Copy out and return the lines from the one holding "Holiday Home Decor" to the end of the listing below, both included, omitting the pictures.

= Beginning of Section =

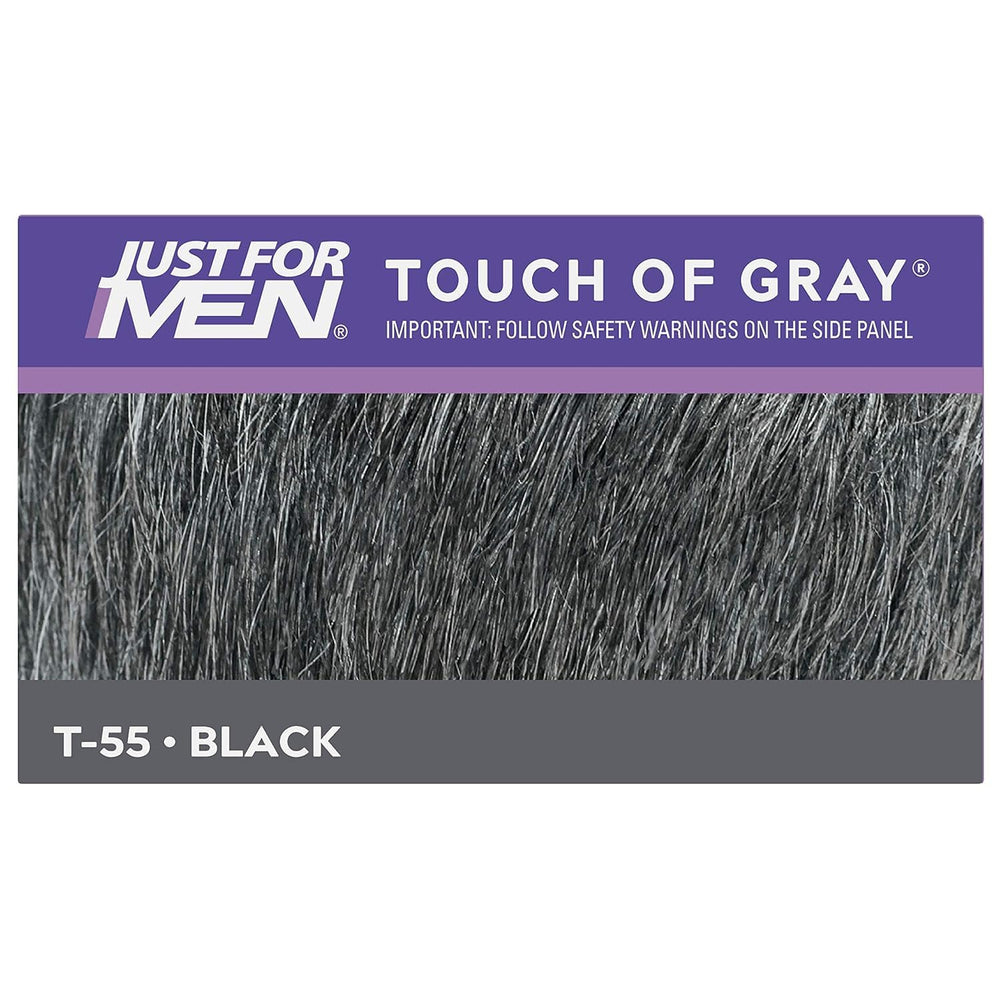 Just for Men Touch of Gray Black-Gray before-after demonstrates subtle transformation
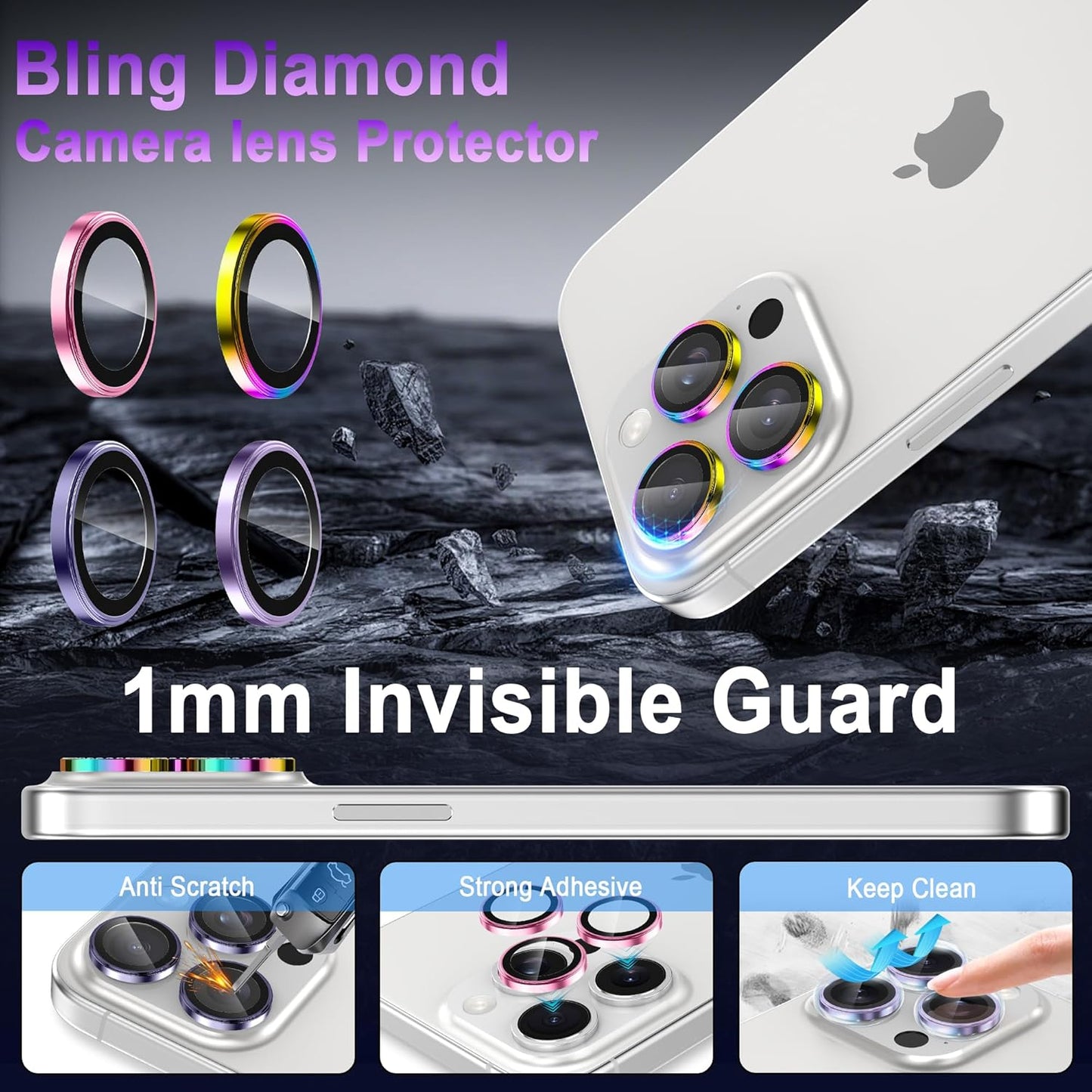 Casetego 16 16 Protector,9H for iPhone Pro Max/iPhone Pro Camera Lens Hardness,Scratch Resistant,Ultra-thin Tempered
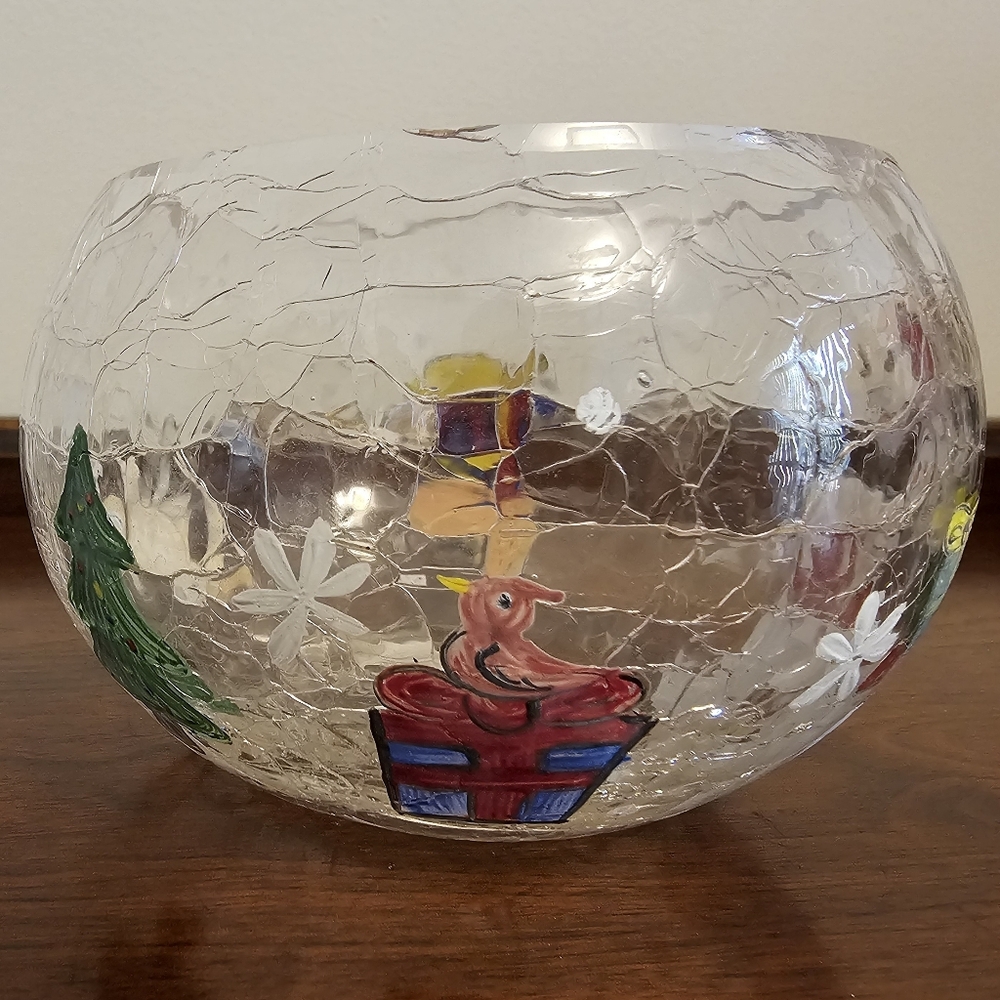 Holiday Home Decor Christmas Crackle Glass Painted Tealight Candle Holder
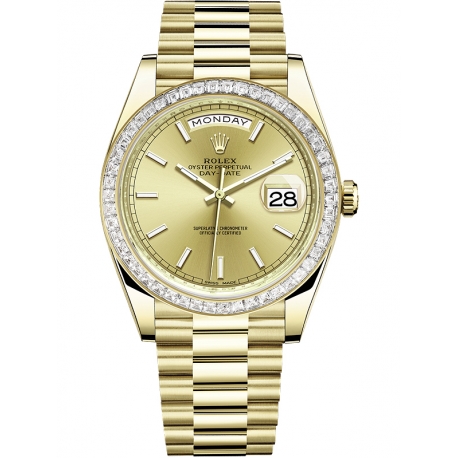 228398TBR-0007 Rolex Day-Date 40 Trapezoid Bezel Champagne Watch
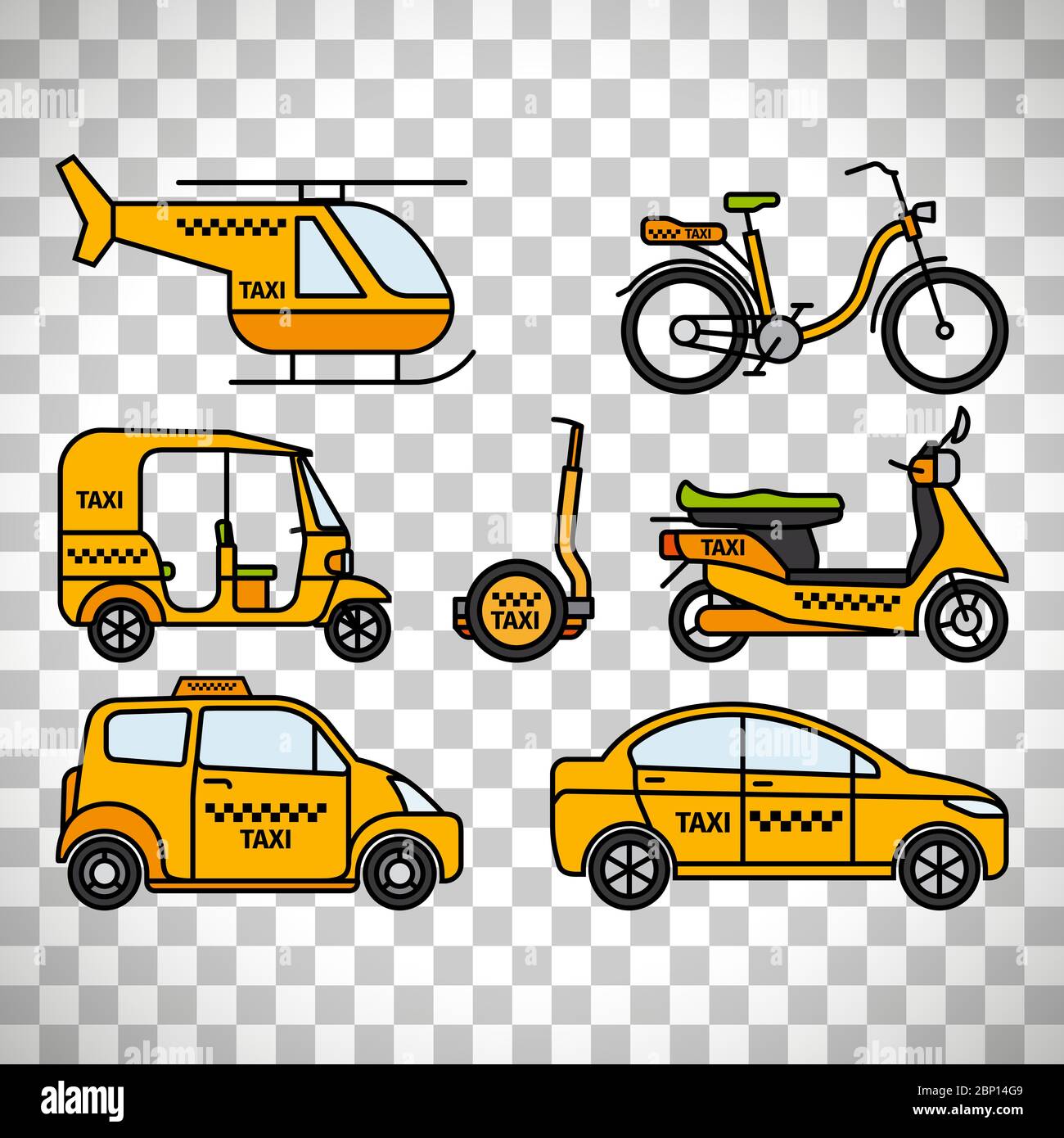 Taxicab and london cab, baby taxi and tuk-tuk rickshaw, helicopter taxi and bicycle taxi isolated on transparent background Stock Vector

= End of Section =

Response to the task:
 Holiday Home Decor Christmas Crackle Glass Painted Tealight Candle Holder
 228398TBR-0007 Rolex Day-Date 40 Trapezoid Bezel Champagne Watch
 Taxicab and london cab, baby taxi and tuk-tuk rickshaw, helicopter taxi and bicycle taxi isolated on transparent background Stock Vector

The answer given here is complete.